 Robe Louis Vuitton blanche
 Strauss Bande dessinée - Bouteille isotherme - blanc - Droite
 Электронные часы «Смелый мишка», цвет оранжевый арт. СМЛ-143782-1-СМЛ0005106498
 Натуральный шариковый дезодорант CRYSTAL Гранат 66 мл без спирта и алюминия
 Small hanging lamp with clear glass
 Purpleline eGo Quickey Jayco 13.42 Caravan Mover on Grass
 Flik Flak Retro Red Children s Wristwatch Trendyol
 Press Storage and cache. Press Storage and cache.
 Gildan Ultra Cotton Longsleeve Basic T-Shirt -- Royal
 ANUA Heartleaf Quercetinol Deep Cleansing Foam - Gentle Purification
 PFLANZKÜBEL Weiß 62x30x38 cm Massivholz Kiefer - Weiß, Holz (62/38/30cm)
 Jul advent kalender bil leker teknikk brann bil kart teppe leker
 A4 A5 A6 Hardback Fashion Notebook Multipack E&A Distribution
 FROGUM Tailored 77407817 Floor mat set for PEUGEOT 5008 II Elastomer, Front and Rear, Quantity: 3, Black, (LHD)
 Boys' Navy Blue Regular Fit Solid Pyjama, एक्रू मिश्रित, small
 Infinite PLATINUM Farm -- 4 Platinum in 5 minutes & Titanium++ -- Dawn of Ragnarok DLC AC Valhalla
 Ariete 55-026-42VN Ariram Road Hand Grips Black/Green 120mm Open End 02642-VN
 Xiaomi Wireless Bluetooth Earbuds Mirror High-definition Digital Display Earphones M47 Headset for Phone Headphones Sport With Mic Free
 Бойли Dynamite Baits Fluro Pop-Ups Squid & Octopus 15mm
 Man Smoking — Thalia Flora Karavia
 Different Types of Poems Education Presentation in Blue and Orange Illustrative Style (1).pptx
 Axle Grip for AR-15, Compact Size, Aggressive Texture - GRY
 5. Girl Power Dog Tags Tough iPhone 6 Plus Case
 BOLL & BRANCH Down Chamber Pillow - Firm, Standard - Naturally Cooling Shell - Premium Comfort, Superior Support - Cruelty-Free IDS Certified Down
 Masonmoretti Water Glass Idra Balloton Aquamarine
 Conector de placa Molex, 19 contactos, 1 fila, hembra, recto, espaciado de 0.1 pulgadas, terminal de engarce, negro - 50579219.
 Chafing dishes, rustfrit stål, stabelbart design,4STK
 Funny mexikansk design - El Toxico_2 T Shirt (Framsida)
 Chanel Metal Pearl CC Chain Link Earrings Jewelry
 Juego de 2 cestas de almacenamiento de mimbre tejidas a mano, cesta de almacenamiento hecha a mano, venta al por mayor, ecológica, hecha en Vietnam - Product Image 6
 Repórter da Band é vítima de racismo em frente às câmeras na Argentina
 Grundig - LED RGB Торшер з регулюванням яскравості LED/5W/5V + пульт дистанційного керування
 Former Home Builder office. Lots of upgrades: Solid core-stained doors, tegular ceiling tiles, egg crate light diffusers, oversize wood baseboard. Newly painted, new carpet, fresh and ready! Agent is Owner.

▶ [REQUIRED ACTION]
In the listing above, find the line with "Strauss Bande dessinée" and the line with "Man Smoking — Thalia Flora Karavia"; set down exactly those two lines and every line between them, nothing more.

▶ [SOLUTION FOR THIS EXERCISE]
 Strauss Bande dessinée - Bouteille isotherme - blanc - Droite
 Электронные часы «Смелый мишка», цвет оранжевый арт. СМЛ-143782-1-СМЛ0005106498
 Натуральный шариковый дезодорант CRYSTAL Гранат 66 мл без спирта и алюминия
 Small hanging lamp with clear glass
 Purpleline eGo Quickey Jayco 13.42 Caravan Mover on Grass
 Flik Flak Retro Red Children s Wristwatch Trendyol
 Press Storage and cache. Press Storage and cache.
 Gildan Ultra Cotton Longsleeve Basic T-Shirt -- Royal
 ANUA Heartleaf Quercetinol Deep Cleansing Foam - Gentle Purification
 PFLANZKÜBEL Weiß 62x30x38 cm Massivholz Kiefer - Weiß, Holz (62/38/30cm)
 Jul advent kalender bil leker teknikk brann bil kart teppe leker
 A4 A5 A6 Hardback Fashion Notebook Multipack E&A Distribution
 FROGUM Tailored 77407817 Floor mat set for PEUGEOT 5008 II Elastomer, Front and Rear, Quantity: 3, Black, (LHD)
 Boys' Navy Blue Regular Fit Solid Pyjama, एक्रू मिश्रित, small
 Infinite PLATINUM Farm -- 4 Platinum in 5 minutes & Titanium++ -- Dawn of Ragnarok DLC AC Valhalla
 Ariete 55-026-42VN Ariram Road Hand Grips Black/Green 120mm Open End 02642-VN
 Xiaomi Wireless Bluetooth Earbuds Mirror High-definition Digital Display Earphones M47 Headset for Phone Headphones Sport With Mic Free
 Бойли Dynamite Baits Fluro Pop-Ups Squid & Octopus 15mm
 Man Smoking — Thalia Flora Karavia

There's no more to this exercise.